◆ What you need to do ◆
Could you restate word for word only the lines below from the one holding "bedroom with light" to the one holding "Fototapeta na wymiar", inclusive, and leave out the pictures?
---- Supplied entries
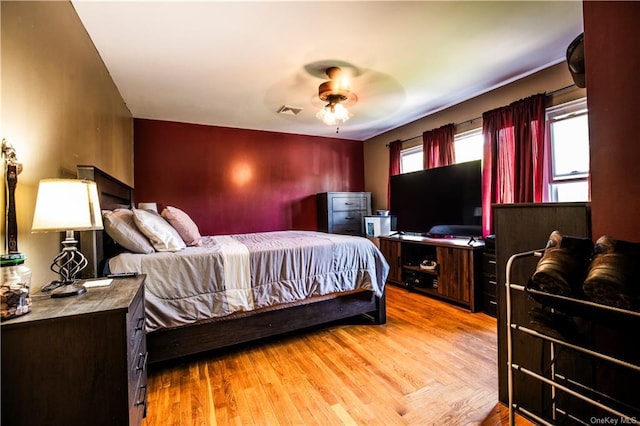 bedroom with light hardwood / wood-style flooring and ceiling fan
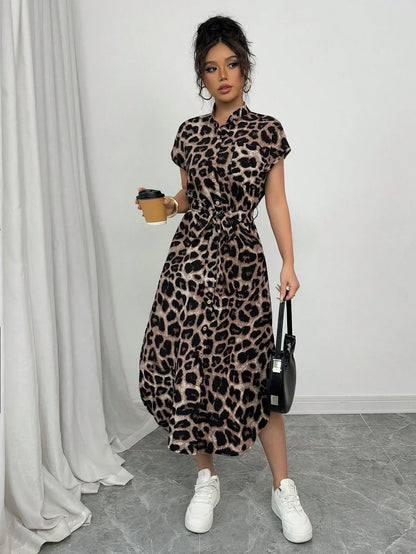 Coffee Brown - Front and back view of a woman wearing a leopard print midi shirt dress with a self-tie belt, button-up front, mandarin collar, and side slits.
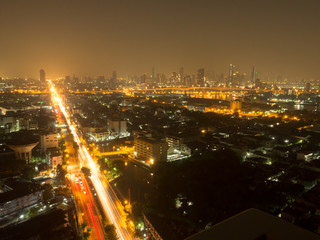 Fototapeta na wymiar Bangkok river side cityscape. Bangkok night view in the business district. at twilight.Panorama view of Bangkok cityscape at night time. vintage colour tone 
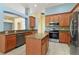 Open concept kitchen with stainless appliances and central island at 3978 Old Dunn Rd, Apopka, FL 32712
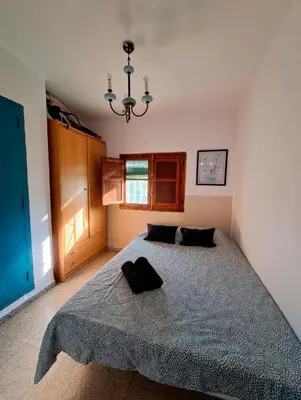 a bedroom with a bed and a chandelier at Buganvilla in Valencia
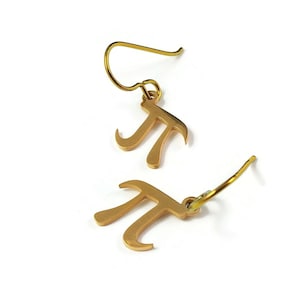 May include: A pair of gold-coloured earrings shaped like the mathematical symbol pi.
--------
---- Supplied entries
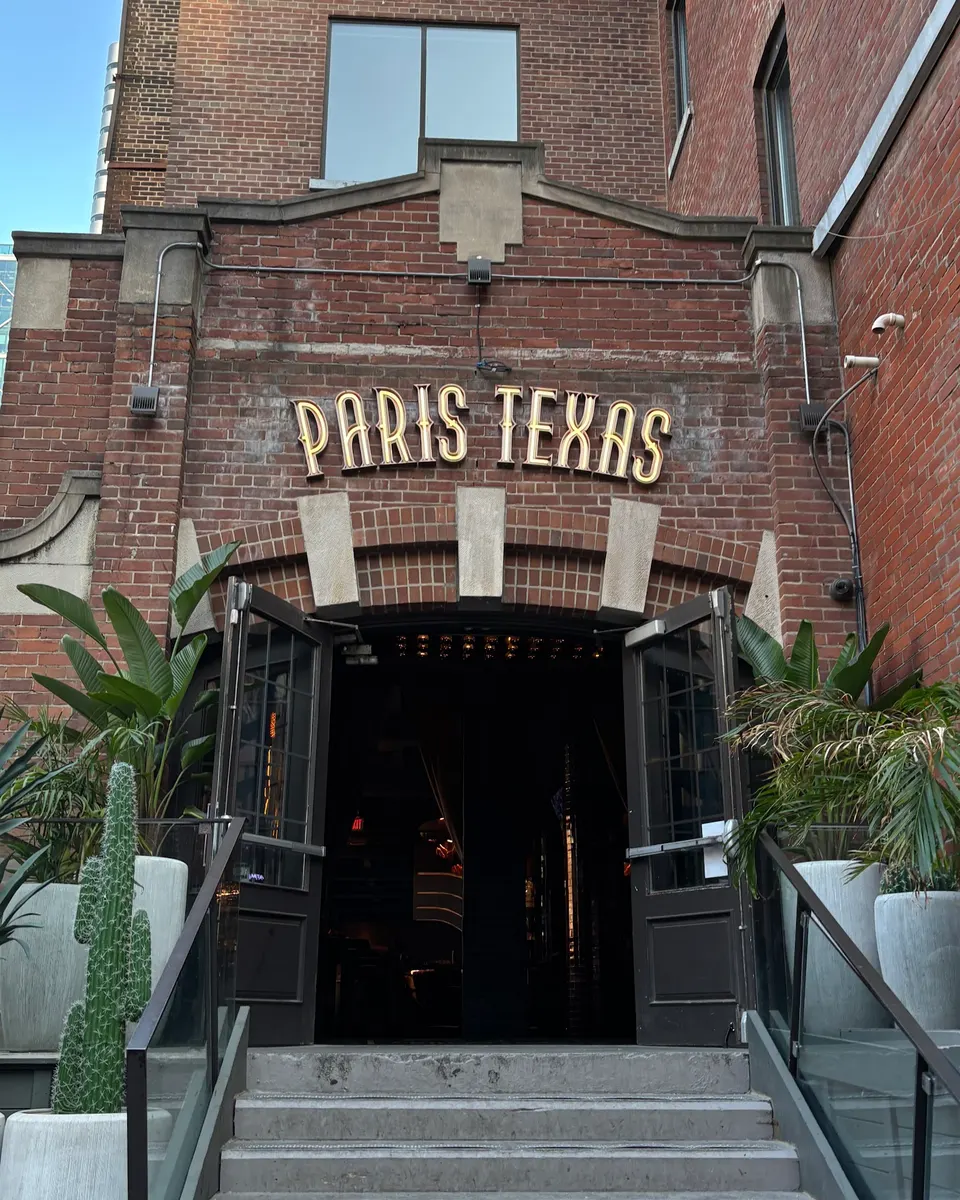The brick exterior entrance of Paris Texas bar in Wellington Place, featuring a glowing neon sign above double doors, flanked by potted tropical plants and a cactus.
--------
---- Supplied entries
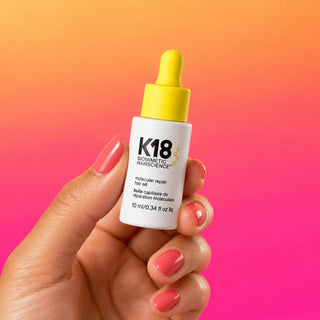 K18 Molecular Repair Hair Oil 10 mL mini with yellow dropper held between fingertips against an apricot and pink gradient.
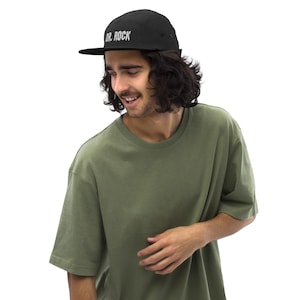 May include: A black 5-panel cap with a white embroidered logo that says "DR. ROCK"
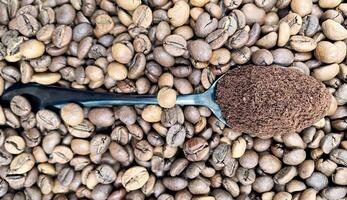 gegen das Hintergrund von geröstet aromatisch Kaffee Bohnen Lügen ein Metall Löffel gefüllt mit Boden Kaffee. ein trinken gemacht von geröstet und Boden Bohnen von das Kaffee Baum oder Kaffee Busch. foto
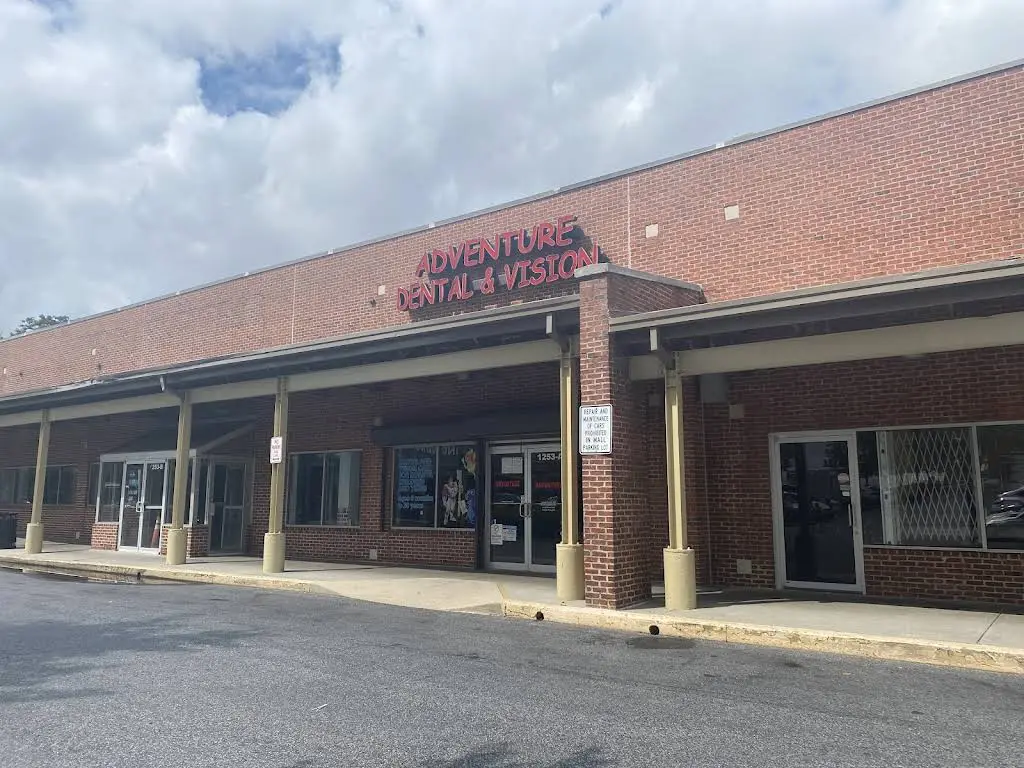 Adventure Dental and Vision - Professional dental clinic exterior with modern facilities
--------
◆ Task solution ◆
 bedroom with light hardwood / wood-style flooring and ceiling fan
 Coffee Brown - Front and back view of a woman wearing a leopard print midi shirt dress with a self-tie belt, button-up front, mandarin collar, and side slits.
 Fototapeta na wymiar Bangkok river side cityscape. Bangkok night view in the business district. at twilight.Panorama view of Bangkok cityscape at night time. vintage colour tone 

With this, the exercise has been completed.